唐沢寿明「これが好き、だから側に置いておきたい」たくさんのものを手にしてきた今、たどり着いた究極の願いとは

AI要約

16歳で芸能界デビューから現在までのキャリアを振り返る唐沢寿明。苦労や夢、時代の変化を語る。

好きなものを所有し、人のために活動する幸せを感じる唐沢寿明。車や高級品よりも意義あることへの関心が強い。

唐沢寿明は東日本大震災の復興支援を行うチャリティイベントを通じて、人のために尽力している。

唐沢寿明「これが好き、だから側に置いておきたい」たくさんのものを手にしてきた今、たどり着いた究極の願いとは

 16歳で芸能界に足を踏み入れた唐沢寿明のプロフィールは、THE CHANGEに満ちている。『仮面ライダー』シリーズなどのスーツアクターを経て、ミュージカル『ボーイズレビュー・ステイゴールド』でデビュー。NHK朝の連続テレビ小説『純ちゃんの応援歌』、大河ドラマ『春日局』(NHK)で注目を集め、『愛という名のもとに』(フジテレビ系)でブレイク。以来、代表作を並べるだけでページが埋まってしまうほどのキャリアを重ねてきた。最新作の映画『九十歳。何がめでたい』で、昭和気質満載の編集者を演じる唐沢のTHE CHANGEとは──。【第3回/全4回】

 唐沢寿明が俳優として歩み出した1980年代後半は、日本がバブル景気に向かっていて、誰もが元気で明るい未来を夢見ていた。その時代を経験した唐沢から、現代はどのように見えるのだろう。

「ばくは、俳優としてある程度食べていけるようになるまで本当にお金がなくて、高価なもの……車とか欲しいとも思わなかったよね。だって、どう頑張ったって買えないのに、欲しかったらつらいだけじゃない」

 同世代がブランド物のスーツに身を包み、競って高級車を乗り回していたころ、唐沢は怪人のスーツの中で汗だくになり、さまざまなアルバイトに駆け回っていた。

「だからこそ、やっと自分の車を手に入れたときは嬉しかった。当時はマニュアル車だから、エンストすると女の子からへたくそ!ってバカにされるんだよ。必死で練習したよね。女の子に好かれたくて(笑)」

 時代は変わり、車に憧れを抱く若者は激減。車は買うものから必要なときだけ借りるものになった。
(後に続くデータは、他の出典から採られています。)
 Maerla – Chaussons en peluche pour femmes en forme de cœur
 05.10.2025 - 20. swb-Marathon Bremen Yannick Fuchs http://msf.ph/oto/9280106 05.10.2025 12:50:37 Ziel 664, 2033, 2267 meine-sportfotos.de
「ぼくは、車も服も時計も、自分のライフスタイルの一部だと思っているから。別に高い物じゃなくてもいいんだよ、自分はこれが好き。だから側に置いておきたいと思うから手に入れるわけで、どうしてそれを他人とシェアするのか、よくわからない」

──好きなものを所有して、愛着を持って使うのが幸せ?

「だってそうでしょ? 人間って、常に好きか、嫌いかを基準に行動していると思うんだよ。好きな人とは一緒にいたいけど、嫌いな人とはできるだけしゃべりたくない。家の中に嫌いな物があったら居心地が悪い。人間って、その程度の生き物なの。だから好きな人とだけ付き合って、好きな仕事をしていられたら、それが一番幸せだと思うね。難しいことだけど」

──キャリアを重ね、欲しいものが自由に買えるようになったいま、一番欲しいものは?

「さっき車の話をしたのに、こんなことを言うのは矛盾しているかもしれないけど、昔からあれが欲しい、これが欲しいっていうのはあんまりなくて。いまは人のために何かをしたいという気持ちが強いですね」

 唐沢は2019年から東日本大震災で被災した東北の復興支援を目的としたチャリティ・クラシックカーラリー・イベント『GO! GO!ラリー in東北~Classic car meeting~』を開催し、妻の山口智子と共に愛車で被災地をまわっている。今年4月には、2016年の地震で大きな被害があった熊本市を訪れ、全国から集まったクラシックカー約100台と被災地を駆け抜けた。自分のためよりも、人のために。 俳優としても唐沢寿明のなかには、常にその思いがあるという──。

唐沢寿明(からさわ・としあき)

1963年6月3日生まれ、東京都出身。’87年に舞台『ボーイズレビュー・ステイゴールド』でデビューし、映画、テレビドラマで活躍。主な出演作は、大河ドラマ『利家とまつ~加賀百万石物語』(NHK)、『白い巨塔』(フジテレビ系)、『ルーズヴェルト・ゲーム』(TBS)、『フィクサー』シリーズ(WOWOW)、映画『ラヂオの時間』、『20世紀少年』シリーズなど。声優としてはアニメ映画『トイストーリー』シリーズでウッディの声を務める。